Spicy Thai Collard Wraps
- 6 Large Collard Leaves
- 3 tbsp umeboshi plum vinegar
- 3 tbsp unrefined sesame oil
- 3 heaping tbsp raw almond butter
- 1 clove garlic, pressed (can add another as well)
- 2-3 tbsp peeled and finely shredded ginger (grating it can leave it a little stringing, discard that last string chunck)
- ½ cup finely chopped green onions, include greens
- 1-2 kaffir lime leaves, sliced very thin (optional) I have some precut in a jar that I found.
- I use about a tbsp of them.
- ¼ cup lime juice
- 1 ½ tbsp braggs amino acid or coconut aminos liquid
- 1 tbsp maple syrup or Yacon syrup.
- 1 large organic carrot or baby carrots cut into match sticks. I think it is easier to cut the baby carrots. Make sure they are Organic! I just read that commercial baby carrots are soaked in bleach!!!
- 1 small jicama, peeled and cut into match sticks. I often have them cut a whole one in half at the store for me because they usually are large.
- 1 small cucumber cut into match sticks
- 4-5 stalks of raw, organic asparagus cut into 1-2 inch pieces
- 1 mango or papaya peeled, seeded and ut into ¼“ strips (optional, I did not do this)

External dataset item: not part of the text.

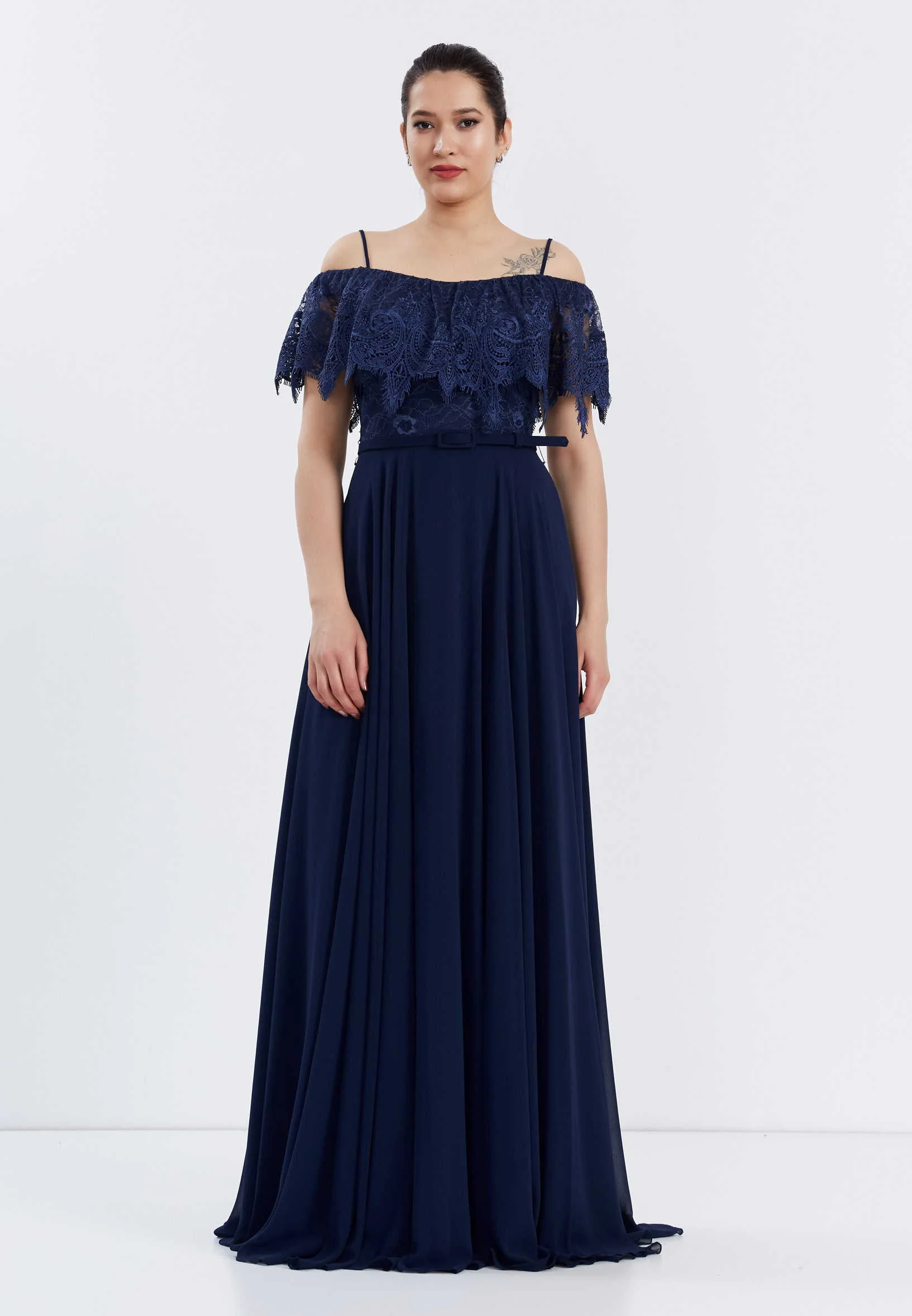 Off Shoulder Maxi Chiffon Column Regular Wedding Guest Dress frc6469 - Image 17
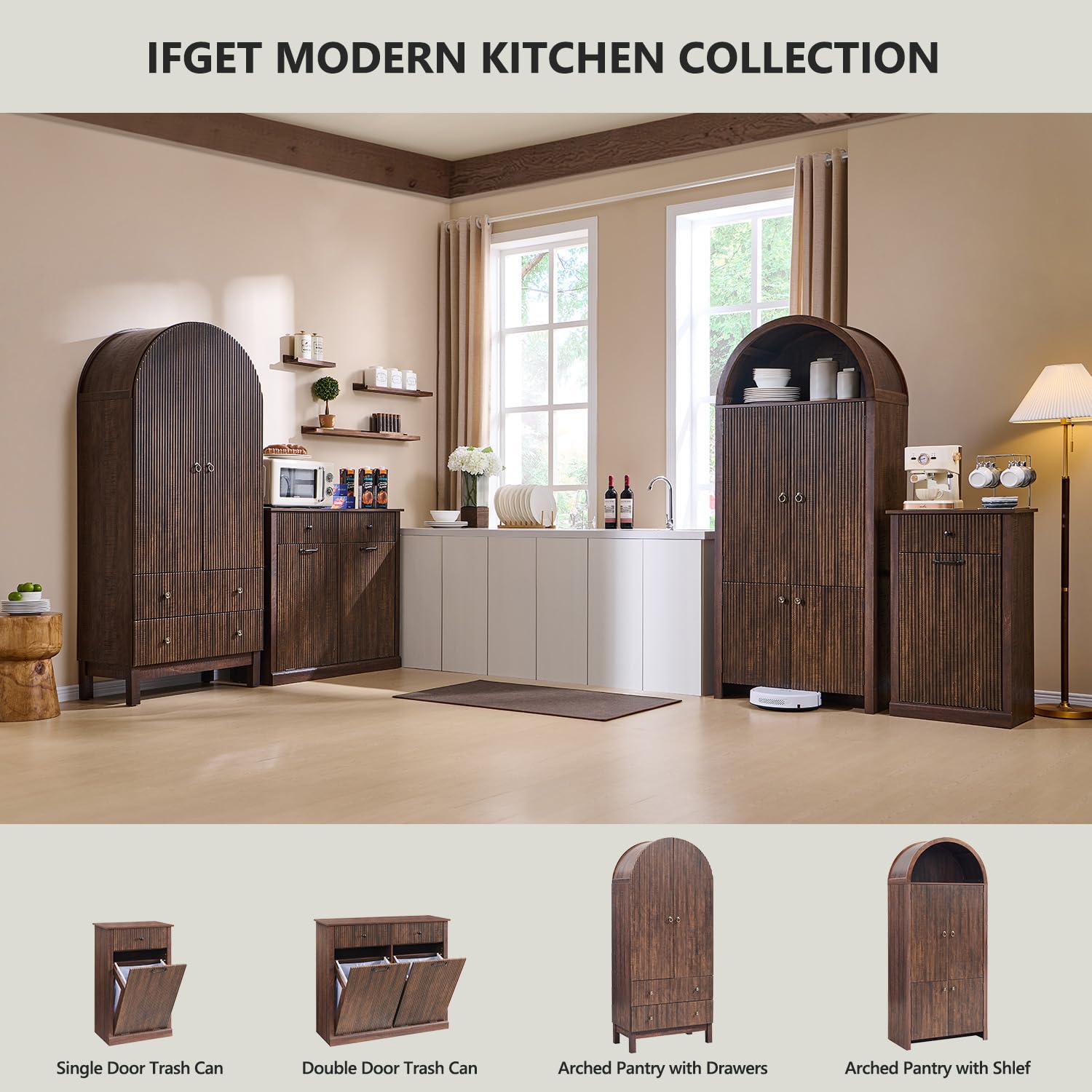 Modern Tilt-Out Trash Can Cabinet, 10 Gallon Fluted Laundry Hamper Cabinet with Drawers, Wooden Hidden Garbage Can Cabinets with Storage Basket, Free Standing for Kitchen and Living Room,Brown - NestledHome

- 2 cups mung bean sprouts (optional)
- 1/2 cup packed mint leaves (fresh)
- 20 basil leaves (fresh)
Bring a lg. Pot of water to a simmering boil. Submerge the collard leaves in the water for about 10 seconds. Remove them with tongs and drain immediately in a colander. Add cold water and ice to them and keep them submerged in ice water or I just added ice and cold water in between each leaf. This halts the cooking process and keeps their vibrant green color. While they cool I begin my next step. When they are cold, you can gently squeeze and blot with a clean dry towel. Toss them or dunk them in a mixture of 1 tbsp of umeboshi plum vinegar to coat and set them aside. You may need more vinegar, just add it. Just make sure they pass through it in the bottom of the bowl, both sides of the collard. I usually do this just as I’m ready to role them out.
In a bowl, mix together the sesame oil, almond butter, garlic, ginger, green onions, kaffir lime, lime juice and remaining 2 tbsp vinegar, braggs, maple syrup, and Sea Salt to taste.This can be made ahead of time and kept for 2 days in a sealed container in the fridge.It is delicious over chopped lettuce or spinach.